▶ _Task directions_
Give back every line of the data exactly. Pictures are not part of the copy.

▶ _Records to use_
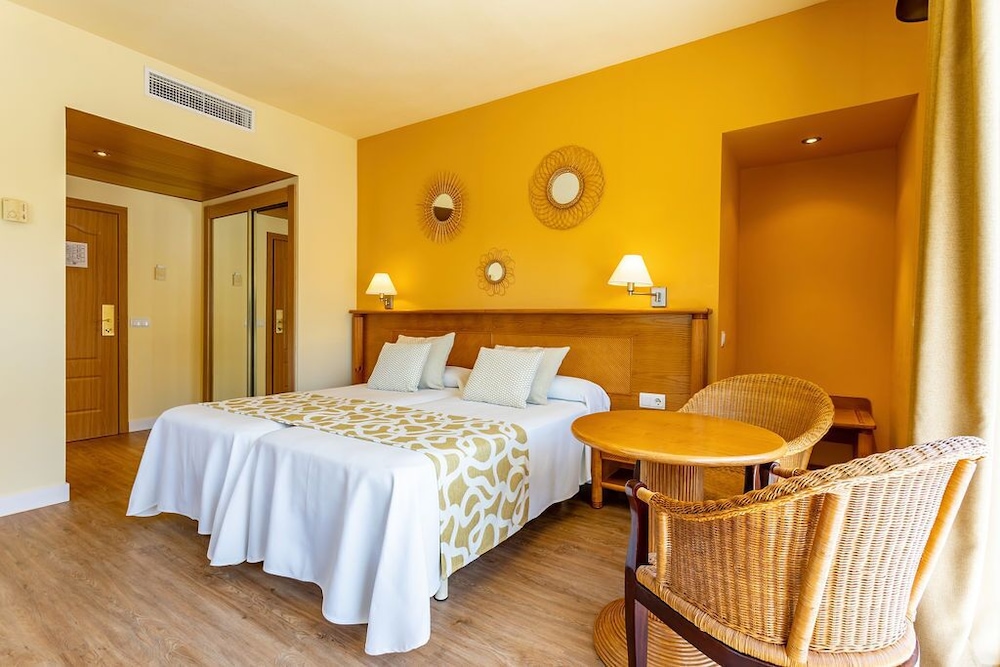 ROOM, TRIPLE, SINGLE, BALCONY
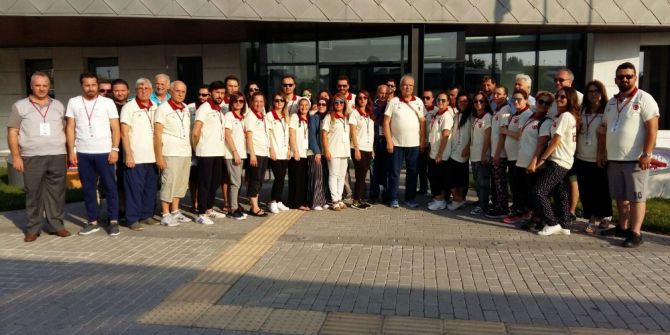 Adapazarı Halk Oyunları Ekibi İtalya’da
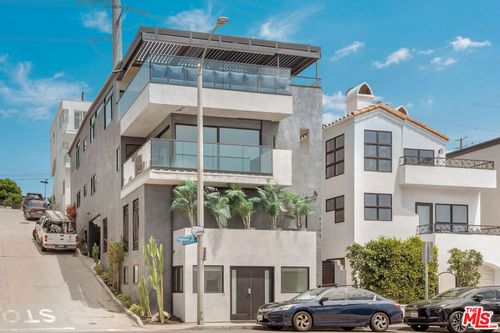 4108 Highland Ave, Manhattan Beach, CA, 90266-6537 | Card Image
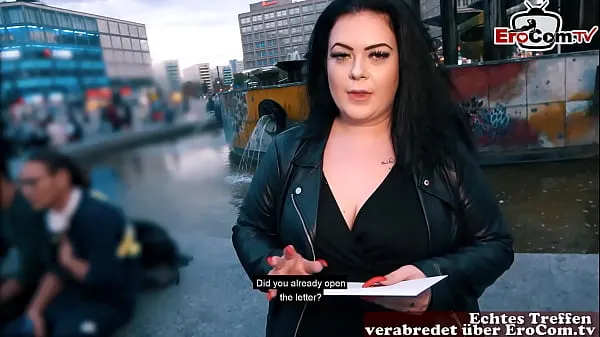 German fat BBW girl picked up at street casting कुल ट्यूब देखें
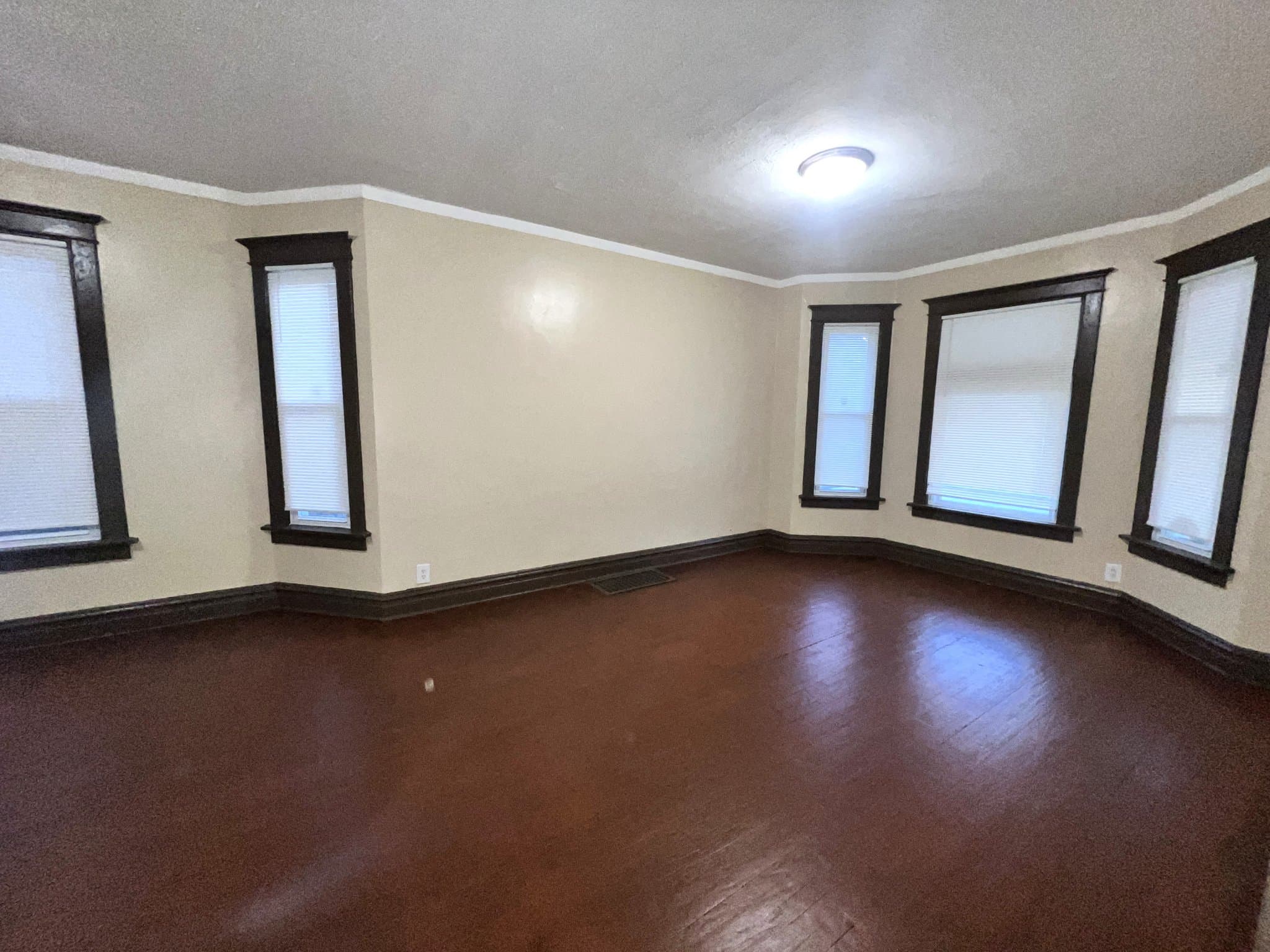 Chicago House: 12015 S Stewart Ave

▶ _Written answer_
 ROOM, TRIPLE, SINGLE, BALCONY
 Adapazarı Halk Oyunları Ekibi İtalya’da
 4108 Highland Ave, Manhattan Beach, CA, 90266-6537 | Card Image
 German fat BBW girl picked up at street casting कुल ट्यूब देखें
 Chicago House: 12015 S Stewart Ave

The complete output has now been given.